From the line with "photo furniture Lamb" through the line with "2017 Hyundai Santa Fe Active DM3 Series II", repeat the entries verbatim, both end lines included, and add nothing.

Saved entries:
□ □ □ □ □

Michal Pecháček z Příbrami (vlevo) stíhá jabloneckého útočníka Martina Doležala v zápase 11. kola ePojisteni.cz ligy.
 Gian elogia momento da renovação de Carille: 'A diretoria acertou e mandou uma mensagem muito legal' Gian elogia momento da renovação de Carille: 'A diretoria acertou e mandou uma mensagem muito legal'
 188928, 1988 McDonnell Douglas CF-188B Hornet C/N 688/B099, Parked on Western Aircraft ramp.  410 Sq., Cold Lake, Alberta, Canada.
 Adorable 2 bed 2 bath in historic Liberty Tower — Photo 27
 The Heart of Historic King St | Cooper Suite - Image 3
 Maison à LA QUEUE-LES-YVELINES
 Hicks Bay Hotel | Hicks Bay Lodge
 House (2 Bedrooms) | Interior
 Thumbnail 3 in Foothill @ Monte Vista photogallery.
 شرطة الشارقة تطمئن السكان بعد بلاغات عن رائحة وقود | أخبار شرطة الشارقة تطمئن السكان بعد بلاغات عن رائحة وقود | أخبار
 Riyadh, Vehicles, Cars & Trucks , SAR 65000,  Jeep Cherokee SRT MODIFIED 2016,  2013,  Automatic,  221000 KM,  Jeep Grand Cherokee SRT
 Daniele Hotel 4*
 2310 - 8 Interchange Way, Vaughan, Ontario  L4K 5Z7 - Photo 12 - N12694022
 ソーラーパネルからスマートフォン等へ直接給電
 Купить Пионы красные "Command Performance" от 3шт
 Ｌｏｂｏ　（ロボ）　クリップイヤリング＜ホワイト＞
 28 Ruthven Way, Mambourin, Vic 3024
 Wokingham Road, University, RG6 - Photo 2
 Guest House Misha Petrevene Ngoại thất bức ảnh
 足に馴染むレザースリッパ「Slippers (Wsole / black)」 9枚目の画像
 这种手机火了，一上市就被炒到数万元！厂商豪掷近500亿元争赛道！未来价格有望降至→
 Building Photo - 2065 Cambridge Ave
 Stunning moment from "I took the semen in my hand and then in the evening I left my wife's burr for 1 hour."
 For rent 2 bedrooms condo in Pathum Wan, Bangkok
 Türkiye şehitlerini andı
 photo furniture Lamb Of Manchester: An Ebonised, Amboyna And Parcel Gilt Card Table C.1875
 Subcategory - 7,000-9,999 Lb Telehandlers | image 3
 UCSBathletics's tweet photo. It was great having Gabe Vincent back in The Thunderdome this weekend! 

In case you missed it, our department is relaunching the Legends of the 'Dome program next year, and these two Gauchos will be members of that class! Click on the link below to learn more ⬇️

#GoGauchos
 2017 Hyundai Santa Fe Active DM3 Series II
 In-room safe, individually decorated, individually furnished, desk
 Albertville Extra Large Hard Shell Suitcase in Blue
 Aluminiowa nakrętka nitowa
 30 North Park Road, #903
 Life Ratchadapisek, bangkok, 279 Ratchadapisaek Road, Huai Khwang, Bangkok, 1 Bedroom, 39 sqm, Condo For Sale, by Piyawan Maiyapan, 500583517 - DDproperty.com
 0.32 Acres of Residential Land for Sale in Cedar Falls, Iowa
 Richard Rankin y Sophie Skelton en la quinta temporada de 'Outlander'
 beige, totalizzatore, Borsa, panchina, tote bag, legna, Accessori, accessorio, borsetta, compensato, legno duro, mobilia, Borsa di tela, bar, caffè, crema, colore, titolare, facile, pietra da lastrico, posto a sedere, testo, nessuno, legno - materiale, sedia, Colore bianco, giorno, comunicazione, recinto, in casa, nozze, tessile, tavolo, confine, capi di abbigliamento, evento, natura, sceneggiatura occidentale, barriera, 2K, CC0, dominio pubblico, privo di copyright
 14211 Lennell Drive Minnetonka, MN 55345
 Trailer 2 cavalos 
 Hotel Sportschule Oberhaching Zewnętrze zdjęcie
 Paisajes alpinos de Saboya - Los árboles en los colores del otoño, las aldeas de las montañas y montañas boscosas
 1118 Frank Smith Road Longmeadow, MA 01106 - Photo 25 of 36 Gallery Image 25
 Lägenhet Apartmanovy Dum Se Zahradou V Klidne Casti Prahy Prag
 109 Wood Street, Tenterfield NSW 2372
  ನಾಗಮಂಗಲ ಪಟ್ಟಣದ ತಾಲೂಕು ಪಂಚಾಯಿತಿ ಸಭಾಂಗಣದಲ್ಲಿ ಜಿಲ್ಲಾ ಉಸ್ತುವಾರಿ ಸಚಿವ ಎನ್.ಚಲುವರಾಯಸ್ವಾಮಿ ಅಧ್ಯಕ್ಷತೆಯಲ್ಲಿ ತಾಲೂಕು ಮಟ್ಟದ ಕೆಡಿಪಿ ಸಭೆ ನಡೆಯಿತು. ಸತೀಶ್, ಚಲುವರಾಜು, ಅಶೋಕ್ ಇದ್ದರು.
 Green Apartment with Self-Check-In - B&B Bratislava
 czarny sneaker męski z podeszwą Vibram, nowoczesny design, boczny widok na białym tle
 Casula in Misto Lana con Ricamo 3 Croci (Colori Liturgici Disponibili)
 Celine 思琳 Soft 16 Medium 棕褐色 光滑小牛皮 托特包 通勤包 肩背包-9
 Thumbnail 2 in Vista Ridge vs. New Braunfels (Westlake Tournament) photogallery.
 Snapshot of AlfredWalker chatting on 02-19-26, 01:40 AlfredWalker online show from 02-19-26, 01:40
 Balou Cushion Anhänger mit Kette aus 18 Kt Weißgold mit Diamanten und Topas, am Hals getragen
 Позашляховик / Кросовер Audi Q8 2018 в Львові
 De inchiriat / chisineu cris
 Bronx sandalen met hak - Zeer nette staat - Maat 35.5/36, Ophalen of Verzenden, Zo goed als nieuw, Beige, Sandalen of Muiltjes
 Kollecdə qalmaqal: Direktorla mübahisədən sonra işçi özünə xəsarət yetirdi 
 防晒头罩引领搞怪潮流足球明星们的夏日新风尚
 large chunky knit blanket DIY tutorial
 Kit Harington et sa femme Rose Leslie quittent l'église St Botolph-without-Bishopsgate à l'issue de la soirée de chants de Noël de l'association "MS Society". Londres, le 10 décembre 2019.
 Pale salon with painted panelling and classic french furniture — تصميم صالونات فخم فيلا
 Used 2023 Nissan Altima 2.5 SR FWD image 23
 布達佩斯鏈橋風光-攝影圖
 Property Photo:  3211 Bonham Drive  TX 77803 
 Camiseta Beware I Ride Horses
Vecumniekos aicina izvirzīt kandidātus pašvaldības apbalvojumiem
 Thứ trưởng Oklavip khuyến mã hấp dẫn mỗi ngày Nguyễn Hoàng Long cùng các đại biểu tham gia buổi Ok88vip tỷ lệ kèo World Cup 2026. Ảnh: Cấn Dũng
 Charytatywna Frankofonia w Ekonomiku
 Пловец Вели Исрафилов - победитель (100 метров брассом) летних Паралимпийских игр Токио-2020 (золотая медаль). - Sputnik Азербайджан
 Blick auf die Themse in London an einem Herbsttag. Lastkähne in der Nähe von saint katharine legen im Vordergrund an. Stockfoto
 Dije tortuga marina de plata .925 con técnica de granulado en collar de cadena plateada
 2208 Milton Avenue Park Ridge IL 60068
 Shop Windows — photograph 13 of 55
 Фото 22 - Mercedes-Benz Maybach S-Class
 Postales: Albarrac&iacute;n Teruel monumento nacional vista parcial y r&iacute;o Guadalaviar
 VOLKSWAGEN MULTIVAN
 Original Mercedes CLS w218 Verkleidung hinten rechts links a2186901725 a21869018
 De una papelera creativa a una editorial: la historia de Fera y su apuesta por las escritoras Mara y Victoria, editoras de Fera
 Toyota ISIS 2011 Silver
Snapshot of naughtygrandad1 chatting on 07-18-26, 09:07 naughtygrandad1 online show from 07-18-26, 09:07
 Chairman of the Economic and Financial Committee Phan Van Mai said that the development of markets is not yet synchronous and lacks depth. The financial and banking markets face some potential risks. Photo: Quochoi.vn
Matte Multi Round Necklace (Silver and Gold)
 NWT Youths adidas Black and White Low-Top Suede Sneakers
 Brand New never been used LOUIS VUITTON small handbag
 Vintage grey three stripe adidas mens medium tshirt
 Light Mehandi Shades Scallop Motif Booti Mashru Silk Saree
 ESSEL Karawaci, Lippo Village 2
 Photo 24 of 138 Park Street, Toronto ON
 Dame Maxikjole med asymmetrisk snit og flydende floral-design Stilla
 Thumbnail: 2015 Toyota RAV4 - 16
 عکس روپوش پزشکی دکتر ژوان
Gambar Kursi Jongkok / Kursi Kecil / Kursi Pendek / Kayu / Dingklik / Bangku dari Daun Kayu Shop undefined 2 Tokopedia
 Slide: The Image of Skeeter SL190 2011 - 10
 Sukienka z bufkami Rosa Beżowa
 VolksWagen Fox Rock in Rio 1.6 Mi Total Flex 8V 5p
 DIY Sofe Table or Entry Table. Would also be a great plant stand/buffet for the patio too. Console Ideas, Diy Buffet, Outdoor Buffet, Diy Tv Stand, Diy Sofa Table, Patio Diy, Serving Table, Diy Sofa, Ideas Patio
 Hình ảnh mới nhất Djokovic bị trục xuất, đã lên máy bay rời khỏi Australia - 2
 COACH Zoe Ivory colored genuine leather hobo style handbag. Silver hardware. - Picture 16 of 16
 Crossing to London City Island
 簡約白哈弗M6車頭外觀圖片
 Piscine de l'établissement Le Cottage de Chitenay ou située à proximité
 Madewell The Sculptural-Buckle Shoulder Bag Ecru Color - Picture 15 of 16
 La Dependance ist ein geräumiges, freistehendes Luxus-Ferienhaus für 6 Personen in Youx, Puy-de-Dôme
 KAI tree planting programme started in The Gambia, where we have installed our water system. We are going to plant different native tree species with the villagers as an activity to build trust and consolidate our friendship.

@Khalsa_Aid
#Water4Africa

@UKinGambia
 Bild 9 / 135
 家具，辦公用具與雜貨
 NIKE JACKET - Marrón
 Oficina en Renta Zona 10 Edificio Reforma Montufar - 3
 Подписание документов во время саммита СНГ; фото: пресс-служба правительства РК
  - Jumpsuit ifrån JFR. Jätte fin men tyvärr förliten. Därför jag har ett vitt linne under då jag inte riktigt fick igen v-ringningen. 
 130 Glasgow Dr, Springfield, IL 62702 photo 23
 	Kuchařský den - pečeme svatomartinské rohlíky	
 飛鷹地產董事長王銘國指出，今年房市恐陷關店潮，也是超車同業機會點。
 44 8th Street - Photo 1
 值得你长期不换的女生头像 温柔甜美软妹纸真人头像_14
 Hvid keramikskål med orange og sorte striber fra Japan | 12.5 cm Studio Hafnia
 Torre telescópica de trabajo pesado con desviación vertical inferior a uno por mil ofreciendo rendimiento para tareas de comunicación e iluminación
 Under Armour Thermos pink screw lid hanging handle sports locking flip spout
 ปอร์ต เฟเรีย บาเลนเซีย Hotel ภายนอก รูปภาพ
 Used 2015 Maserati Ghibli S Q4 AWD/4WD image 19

□ □ □ □ □

#### [SOLUTION]
 photo furniture Lamb Of Manchester: An Ebonised, Amboyna And Parcel Gilt Card Table C.1875
 Subcategory - 7,000-9,999 Lb Telehandlers | image 3
 UCSBathletics's tweet photo. It was great having Gabe Vincent back in The Thunderdome this weekend! 

In case you missed it, our department is relaunching the Legends of the 'Dome program next year, and these two Gauchos will be members of that class! Click on the link below to learn more ⬇️

#GoGauchos
 2017 Hyundai Santa Fe Active DM3 Series II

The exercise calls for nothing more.